- Caption-style text data
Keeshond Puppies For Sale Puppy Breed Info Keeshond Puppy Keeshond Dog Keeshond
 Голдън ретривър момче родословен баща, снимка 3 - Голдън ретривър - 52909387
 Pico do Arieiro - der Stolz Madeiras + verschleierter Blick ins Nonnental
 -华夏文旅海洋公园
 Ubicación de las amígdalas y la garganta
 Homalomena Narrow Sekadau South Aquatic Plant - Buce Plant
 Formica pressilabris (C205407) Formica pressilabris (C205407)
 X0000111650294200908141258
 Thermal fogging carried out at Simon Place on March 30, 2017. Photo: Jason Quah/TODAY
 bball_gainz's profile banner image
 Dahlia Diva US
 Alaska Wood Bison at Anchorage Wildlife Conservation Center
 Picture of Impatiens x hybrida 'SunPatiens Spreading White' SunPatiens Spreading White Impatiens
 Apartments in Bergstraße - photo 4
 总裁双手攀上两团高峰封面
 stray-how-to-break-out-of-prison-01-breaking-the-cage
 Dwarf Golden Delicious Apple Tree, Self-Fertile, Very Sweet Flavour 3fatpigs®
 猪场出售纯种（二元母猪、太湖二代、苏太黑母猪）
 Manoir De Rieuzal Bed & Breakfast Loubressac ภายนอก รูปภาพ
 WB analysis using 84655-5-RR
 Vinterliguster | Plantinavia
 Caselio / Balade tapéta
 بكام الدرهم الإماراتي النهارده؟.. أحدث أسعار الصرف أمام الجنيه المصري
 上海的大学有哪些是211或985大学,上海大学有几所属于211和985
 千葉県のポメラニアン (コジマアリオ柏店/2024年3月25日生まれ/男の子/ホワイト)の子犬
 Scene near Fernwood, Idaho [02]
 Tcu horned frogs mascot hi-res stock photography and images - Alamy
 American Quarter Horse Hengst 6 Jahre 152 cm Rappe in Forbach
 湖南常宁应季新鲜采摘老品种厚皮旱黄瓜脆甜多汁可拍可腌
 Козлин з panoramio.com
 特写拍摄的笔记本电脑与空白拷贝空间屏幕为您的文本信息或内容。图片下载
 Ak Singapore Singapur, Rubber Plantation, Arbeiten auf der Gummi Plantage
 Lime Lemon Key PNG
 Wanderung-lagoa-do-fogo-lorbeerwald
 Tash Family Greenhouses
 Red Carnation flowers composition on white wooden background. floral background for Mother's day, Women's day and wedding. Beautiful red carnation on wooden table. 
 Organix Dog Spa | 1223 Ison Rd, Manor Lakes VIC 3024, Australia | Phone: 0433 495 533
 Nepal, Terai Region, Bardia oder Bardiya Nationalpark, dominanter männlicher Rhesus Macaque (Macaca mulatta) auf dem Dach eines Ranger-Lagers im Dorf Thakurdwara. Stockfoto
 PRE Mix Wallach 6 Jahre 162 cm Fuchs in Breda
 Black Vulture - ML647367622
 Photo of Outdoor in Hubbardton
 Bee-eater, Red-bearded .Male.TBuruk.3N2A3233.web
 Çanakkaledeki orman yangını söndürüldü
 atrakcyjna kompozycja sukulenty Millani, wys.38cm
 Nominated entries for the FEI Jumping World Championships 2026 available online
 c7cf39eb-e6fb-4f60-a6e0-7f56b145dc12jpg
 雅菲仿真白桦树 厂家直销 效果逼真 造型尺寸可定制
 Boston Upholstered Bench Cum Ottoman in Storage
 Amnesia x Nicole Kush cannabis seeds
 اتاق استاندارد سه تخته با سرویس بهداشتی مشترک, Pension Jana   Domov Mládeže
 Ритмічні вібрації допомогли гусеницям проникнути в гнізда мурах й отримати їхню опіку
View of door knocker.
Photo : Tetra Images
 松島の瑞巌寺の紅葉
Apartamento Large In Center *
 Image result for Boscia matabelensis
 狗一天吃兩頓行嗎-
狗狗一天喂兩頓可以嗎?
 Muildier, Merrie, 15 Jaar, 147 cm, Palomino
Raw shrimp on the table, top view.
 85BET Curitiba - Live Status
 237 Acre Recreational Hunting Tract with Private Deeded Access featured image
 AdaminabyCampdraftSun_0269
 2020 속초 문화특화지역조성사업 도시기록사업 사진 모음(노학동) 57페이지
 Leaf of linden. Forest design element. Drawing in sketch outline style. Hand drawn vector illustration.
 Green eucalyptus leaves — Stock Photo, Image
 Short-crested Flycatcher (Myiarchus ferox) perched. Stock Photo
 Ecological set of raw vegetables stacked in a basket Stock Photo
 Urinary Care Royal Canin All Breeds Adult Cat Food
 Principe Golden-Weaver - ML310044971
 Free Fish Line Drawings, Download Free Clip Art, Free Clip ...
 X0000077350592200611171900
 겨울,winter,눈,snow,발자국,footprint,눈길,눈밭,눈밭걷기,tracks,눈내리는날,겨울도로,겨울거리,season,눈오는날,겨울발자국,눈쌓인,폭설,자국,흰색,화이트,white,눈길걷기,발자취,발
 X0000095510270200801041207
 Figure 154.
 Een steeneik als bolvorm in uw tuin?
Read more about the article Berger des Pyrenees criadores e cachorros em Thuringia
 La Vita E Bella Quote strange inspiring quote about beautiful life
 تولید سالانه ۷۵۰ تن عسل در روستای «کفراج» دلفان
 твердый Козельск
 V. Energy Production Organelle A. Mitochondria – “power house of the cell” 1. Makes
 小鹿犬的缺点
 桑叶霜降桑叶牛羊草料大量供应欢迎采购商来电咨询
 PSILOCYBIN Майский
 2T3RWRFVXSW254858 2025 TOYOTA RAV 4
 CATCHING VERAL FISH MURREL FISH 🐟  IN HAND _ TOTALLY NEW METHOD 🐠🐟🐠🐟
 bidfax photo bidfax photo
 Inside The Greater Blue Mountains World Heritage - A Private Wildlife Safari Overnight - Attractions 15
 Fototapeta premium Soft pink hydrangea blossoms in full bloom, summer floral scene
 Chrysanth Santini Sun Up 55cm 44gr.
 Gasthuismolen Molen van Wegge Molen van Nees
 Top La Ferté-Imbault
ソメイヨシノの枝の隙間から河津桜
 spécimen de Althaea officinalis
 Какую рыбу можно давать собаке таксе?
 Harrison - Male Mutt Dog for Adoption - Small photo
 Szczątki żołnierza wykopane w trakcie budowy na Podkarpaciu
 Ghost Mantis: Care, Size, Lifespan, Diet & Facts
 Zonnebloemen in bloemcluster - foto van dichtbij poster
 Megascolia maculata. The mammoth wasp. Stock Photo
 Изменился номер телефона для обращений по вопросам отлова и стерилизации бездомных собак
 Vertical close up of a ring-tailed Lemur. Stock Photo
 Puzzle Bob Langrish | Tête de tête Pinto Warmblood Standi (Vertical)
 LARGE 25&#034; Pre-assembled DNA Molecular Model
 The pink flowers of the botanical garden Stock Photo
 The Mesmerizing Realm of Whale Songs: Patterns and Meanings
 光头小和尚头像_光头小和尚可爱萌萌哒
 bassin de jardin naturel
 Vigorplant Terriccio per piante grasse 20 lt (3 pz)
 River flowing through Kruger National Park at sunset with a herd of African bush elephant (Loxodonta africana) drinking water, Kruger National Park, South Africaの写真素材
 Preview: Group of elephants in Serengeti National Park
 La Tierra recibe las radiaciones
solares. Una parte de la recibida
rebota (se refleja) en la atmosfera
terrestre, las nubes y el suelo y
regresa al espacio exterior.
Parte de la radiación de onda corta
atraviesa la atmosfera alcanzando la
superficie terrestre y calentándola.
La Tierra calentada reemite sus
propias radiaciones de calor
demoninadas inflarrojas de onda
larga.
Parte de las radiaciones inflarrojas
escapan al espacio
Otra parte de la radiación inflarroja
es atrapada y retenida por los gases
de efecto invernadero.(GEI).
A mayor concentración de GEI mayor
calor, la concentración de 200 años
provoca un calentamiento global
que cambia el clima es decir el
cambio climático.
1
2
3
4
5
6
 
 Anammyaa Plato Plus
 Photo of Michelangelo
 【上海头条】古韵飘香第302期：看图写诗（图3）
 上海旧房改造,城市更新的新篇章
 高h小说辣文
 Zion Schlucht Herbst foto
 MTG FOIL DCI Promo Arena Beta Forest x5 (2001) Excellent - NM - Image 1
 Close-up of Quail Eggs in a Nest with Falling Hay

- HOW TO COMPLETE THIS TASK
Using only the entries above, output the line with "Red Carnation flowers", the line with "Organix Dog Spa", and all lines between them, exactly as they stand.

- ANSWER SPACE
 Red Carnation flowers composition on white wooden background. floral background for Mother's day, Women's day and wedding. Beautiful red carnation on wooden table. 
 Organix Dog Spa | 1223 Ison Rd, Manor Lakes VIC 3024, Australia | Phone: 0433 495 533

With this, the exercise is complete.